Wednesday, November 24, 2010

Mission Arizona

By the time the plane landed and I'd collected my luggage and the rental car I had maybe a solid afternoon of dashing about the desert around Greater Tucson to see what there was to see after a 32 year absence from this part of the country. Tombstone and Old Tucson were out as being too kitschy for me at the no longer young age of 40-never mind. I wanted the real Arizona, the living, breathing, historic southern state late of Mexico by way of the Gadsden Purchase and more than a few indigenous cultures. I wanted the Arizona of the Spanish Missions, saguaro cactus reaching nearly three full stories in to the sky and the red rocks of the sun, the Roadrunner and Wile E. Coyote. Hey, I ain't that old!

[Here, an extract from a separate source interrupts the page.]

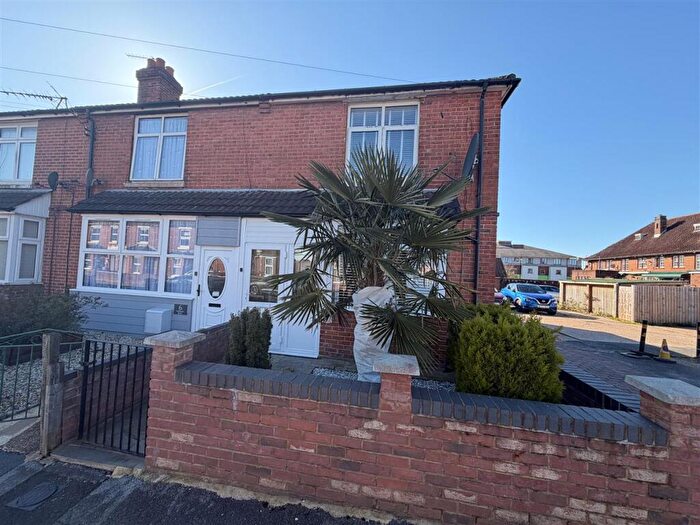 3 Bedroom End Of Terrace House To Rent In Nutbeem Road, Eastleigh, SO50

A quick bite at In - N - Out Burger by the side of the highway to buy some time to make sure the two dozen travel brochures I'd picked through would yield the right combination of things to do and I was off, roaring down Interstate I-19 towards a previously unknown bit of history - the best kind - called Tumacacori. In this national park lie the ruins of three Spanish missions, the oldest of which dates from 1691. The one pictured here is the only one really worth seeing as it is the only one still standing and largely intact. The grounds evoke an era of no roads, hard scrabble living and unyielding frontier heat as the Jesuits fought wind, weather and warrior to convert the locals. It was a perfect blue sky early afternoon to start the whirlwind tour and a great way to see a nearly forgotten attraction by the side of the highway.

Motoring back north towards Tucson and the next stop on the list of things to do I was trying to decide what to do. Should I should rush through this next one just as quickly so as to try and get in a third before the sun went down and my time-warped body clock started over-drafting energy I knew I wouldn't have later? I had my answer as I pulled in to the parking area for the Mission of San Xavier del Bac, hardly ten miles south of Tucson. It still serves the Tohono O'odham people on whose land it has sat since 1699. The aesthetic claim to fame here is the elaborate, almost overwrought decor of the interior which has led some to describe it as the Sistine Chapel of North America.

I wasn't ready to go that far, for one reason being the setting, while beautiful, was still in the middle of a desert instead of anything even close to the Eternal City. The gold, myrrh and incense of the inside serves the standard purpose of awe and intimidation but the size of the building also detracts from such a lofty claim to greatness. Just the same it was and is a beautiful example of mission architecture and survives where few had before or since. After about an hour I knew what I had left to do.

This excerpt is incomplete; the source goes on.